INFORMATION SHOWN Block Start

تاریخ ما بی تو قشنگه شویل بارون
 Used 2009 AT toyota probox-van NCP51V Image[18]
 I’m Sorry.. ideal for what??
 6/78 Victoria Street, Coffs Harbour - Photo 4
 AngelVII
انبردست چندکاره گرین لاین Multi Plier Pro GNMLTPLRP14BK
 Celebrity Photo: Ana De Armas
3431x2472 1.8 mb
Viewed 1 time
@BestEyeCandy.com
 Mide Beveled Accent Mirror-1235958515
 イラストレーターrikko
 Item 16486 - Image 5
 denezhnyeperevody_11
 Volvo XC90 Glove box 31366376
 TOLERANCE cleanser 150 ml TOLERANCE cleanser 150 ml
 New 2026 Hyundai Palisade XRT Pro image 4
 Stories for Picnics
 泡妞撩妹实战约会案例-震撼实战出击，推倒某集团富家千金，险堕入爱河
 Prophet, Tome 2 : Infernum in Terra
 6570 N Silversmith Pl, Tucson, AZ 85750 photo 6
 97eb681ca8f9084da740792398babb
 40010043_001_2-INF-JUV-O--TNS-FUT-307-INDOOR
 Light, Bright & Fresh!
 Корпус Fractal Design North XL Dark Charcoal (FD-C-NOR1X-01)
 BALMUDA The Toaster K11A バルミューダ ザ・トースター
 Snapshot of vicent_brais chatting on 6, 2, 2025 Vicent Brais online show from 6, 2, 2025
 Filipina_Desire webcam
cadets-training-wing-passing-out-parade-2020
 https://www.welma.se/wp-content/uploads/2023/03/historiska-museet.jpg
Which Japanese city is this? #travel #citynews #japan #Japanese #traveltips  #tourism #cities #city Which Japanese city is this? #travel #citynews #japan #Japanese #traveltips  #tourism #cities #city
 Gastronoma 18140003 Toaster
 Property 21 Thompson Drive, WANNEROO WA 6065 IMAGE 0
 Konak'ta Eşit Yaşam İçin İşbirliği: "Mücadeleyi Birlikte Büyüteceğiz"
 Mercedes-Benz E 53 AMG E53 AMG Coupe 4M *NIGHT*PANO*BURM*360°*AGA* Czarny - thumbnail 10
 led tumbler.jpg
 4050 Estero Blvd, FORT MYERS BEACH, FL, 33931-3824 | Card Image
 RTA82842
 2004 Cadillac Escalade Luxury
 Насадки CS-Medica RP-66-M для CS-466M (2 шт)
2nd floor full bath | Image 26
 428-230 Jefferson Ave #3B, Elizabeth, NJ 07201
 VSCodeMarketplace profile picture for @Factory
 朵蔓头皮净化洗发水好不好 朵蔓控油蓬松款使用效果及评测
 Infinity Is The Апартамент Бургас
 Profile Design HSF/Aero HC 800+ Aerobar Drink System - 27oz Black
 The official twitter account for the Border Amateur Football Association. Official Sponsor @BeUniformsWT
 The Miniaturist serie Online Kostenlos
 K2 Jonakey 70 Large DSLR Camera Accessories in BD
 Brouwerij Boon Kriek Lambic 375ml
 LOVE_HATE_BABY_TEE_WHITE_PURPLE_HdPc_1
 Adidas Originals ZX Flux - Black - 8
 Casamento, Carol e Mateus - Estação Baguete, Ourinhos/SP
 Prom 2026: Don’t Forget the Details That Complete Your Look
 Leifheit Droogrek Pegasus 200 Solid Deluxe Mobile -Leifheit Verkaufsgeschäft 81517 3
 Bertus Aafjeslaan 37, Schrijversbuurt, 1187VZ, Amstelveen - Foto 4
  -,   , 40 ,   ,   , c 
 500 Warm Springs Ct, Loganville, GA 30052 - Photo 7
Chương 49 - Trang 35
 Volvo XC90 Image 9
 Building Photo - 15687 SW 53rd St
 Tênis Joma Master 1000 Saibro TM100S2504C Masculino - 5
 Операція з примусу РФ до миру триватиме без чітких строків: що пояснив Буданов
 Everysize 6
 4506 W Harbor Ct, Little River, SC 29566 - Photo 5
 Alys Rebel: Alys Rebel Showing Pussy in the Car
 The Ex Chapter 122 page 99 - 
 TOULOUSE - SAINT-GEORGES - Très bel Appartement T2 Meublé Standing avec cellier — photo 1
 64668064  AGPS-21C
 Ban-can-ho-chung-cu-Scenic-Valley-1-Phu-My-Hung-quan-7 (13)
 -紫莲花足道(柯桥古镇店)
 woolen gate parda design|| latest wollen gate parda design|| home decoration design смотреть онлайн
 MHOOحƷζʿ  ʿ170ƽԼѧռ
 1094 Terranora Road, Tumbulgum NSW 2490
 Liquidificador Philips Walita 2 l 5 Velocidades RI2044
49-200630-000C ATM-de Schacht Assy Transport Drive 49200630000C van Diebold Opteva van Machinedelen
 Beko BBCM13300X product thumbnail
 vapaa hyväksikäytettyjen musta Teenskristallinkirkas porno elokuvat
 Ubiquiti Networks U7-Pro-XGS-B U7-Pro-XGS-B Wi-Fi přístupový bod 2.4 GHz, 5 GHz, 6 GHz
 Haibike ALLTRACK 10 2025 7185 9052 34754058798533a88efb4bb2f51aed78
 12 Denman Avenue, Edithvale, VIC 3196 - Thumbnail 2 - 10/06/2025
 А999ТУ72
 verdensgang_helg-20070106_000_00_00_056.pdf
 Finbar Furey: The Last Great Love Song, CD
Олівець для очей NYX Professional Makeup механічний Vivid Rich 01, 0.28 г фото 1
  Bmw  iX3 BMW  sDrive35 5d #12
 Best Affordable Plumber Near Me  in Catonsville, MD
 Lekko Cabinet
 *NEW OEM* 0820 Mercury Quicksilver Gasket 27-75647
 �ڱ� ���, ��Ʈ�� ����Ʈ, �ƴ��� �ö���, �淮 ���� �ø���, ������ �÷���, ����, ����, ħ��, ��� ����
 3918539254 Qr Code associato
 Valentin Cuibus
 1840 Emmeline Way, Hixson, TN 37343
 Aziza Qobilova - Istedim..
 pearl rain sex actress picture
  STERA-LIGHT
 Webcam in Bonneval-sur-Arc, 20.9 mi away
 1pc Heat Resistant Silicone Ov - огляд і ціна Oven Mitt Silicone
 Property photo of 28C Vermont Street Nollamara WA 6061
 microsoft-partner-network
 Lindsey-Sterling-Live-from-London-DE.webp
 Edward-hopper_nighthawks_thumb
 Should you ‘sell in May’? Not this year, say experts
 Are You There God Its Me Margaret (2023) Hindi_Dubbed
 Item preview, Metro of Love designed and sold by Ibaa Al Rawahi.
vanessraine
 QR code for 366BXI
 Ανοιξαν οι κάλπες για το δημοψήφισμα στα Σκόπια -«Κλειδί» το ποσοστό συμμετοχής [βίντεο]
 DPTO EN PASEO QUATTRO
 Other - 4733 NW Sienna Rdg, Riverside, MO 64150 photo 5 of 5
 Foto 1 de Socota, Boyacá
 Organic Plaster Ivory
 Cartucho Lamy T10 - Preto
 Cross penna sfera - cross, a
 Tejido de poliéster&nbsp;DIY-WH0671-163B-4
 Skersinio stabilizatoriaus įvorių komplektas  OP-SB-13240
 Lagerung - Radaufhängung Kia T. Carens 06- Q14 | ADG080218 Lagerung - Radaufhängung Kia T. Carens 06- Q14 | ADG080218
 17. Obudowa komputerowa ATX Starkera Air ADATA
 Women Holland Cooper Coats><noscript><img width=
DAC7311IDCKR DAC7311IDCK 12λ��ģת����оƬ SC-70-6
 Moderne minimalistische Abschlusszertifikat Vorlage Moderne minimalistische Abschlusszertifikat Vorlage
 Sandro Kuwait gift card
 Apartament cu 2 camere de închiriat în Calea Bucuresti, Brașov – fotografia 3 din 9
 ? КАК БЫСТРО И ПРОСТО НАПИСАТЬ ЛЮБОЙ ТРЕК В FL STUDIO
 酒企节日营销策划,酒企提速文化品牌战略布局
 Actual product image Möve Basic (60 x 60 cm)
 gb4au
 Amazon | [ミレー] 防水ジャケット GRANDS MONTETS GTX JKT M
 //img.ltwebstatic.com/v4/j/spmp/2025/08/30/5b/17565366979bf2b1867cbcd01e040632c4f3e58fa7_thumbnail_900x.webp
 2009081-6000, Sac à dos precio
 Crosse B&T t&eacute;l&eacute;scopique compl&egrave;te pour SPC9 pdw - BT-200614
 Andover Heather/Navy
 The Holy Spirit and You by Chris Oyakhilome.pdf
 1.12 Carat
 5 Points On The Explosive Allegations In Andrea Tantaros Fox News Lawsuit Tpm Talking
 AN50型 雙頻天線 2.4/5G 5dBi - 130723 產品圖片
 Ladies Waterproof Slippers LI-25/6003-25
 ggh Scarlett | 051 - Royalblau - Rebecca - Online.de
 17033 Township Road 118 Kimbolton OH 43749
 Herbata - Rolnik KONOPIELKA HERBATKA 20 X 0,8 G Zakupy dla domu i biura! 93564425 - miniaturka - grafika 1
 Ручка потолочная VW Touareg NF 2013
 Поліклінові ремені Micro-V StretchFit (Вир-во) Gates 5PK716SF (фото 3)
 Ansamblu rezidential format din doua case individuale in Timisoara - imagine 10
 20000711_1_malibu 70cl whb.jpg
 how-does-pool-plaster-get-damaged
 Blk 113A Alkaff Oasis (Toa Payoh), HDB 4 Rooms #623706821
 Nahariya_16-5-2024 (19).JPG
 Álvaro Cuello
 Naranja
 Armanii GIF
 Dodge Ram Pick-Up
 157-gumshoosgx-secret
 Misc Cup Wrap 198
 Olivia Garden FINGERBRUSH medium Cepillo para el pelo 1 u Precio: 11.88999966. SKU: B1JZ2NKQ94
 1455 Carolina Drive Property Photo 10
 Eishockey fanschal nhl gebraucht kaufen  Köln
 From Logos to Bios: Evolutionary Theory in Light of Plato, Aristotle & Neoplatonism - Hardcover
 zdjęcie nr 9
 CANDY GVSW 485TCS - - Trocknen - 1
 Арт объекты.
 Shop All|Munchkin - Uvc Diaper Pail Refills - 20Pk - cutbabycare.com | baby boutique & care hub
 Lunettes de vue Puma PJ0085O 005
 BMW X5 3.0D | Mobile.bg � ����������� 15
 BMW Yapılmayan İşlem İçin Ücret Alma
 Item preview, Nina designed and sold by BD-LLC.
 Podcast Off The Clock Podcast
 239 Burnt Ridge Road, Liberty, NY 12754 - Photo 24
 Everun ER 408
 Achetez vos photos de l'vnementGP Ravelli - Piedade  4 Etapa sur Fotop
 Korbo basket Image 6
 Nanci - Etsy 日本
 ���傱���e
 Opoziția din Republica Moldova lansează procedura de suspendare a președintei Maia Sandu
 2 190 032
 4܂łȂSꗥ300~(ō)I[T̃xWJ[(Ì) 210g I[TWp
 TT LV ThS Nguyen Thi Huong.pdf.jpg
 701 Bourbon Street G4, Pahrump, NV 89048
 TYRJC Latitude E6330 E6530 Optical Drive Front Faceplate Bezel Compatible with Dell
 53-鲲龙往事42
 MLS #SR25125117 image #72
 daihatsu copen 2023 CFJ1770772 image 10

INFORMATION SHOWN Block End

EXERCISE BRIEF:
Filter the entries above down to the lines that hold the word "Mobile", and copy those lines.

COMPLETED EXERCISE:
 Leifheit Droogrek Pegasus 200 Solid Deluxe Mobile -Leifheit Verkaufsgeschäft 81517 3
 BMW X5 3.0D | Mobile.bg � ����������� 15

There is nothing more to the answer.